**Exercise description:**
Would you write out the entries again, exactly as they are, but without images?

++++ Data for this exercise ++++

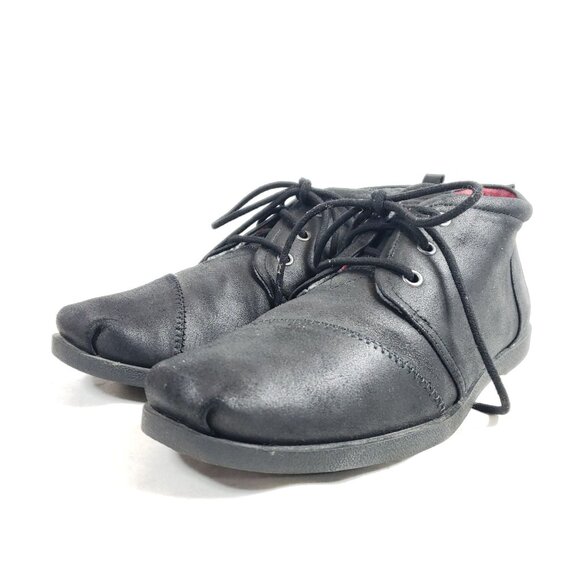 BOBS Womens Size 11 Black Ankle Lace-Up Casual Shoes - Picture 2 of 9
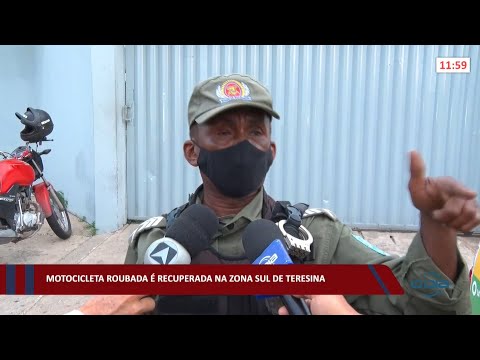 Motocicleta roubada é recuperada na zona sul de Teresina 21 02 2022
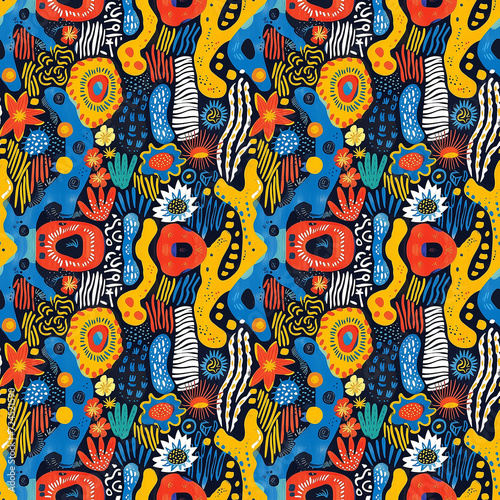 abstract australian design seamless naive pattern  tile
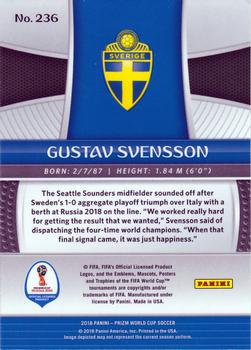 2018 Panini Prizm FIFA World Cup #236 Gustav Svensson Back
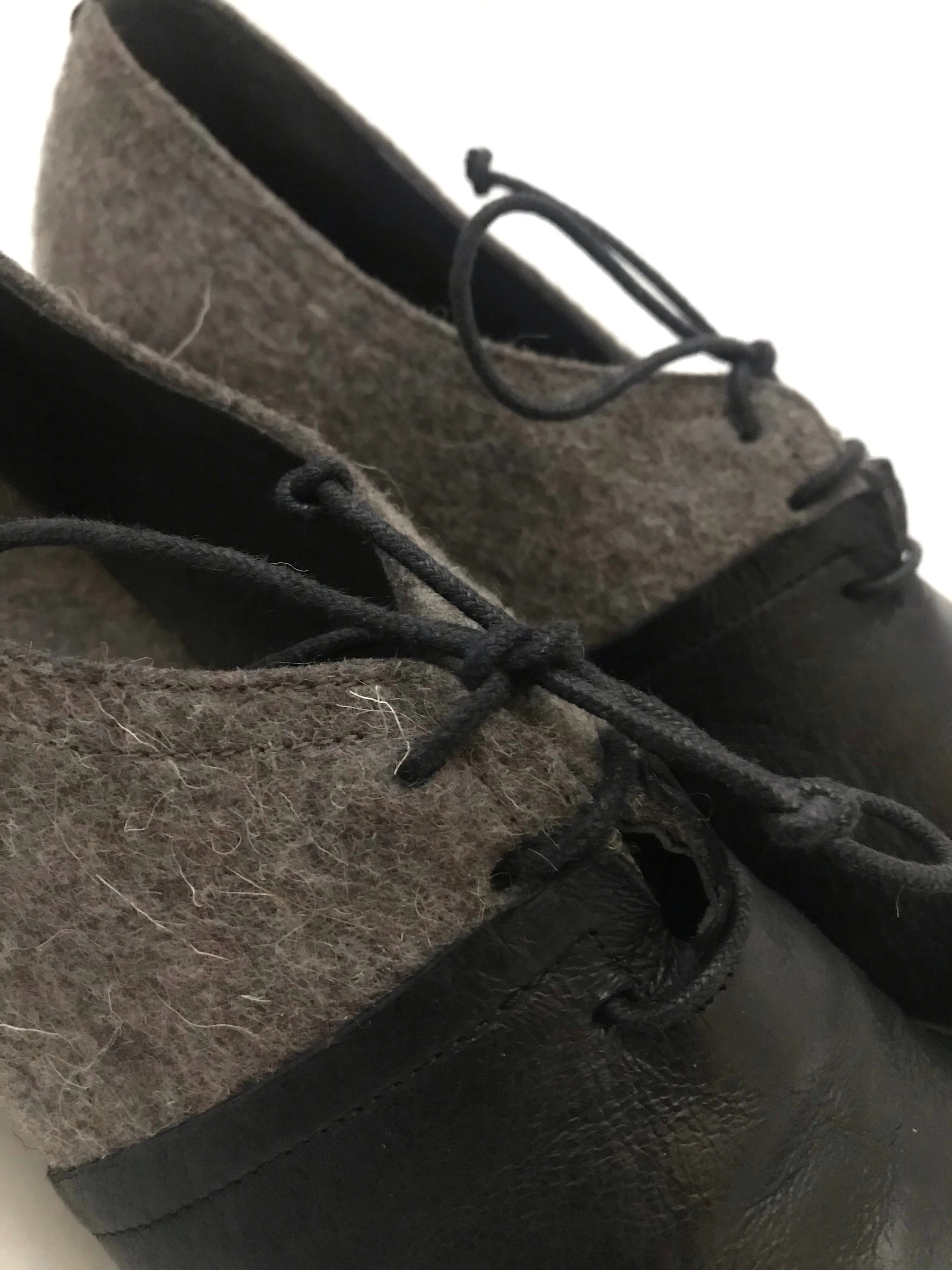 Leather and Wool Heels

++++

**Your response:**
 BOBS Womens Size 11 Black Ankle Lace-Up Casual Shoes - Picture 2 of 9
 Motocicleta roubada é recuperada na zona sul de Teresina 21 02 2022
 abstract australian design seamless naive pattern  tile
 2018 Panini Prizm FIFA World Cup #236 Gustav Svensson Back
 Leather and Wool Heels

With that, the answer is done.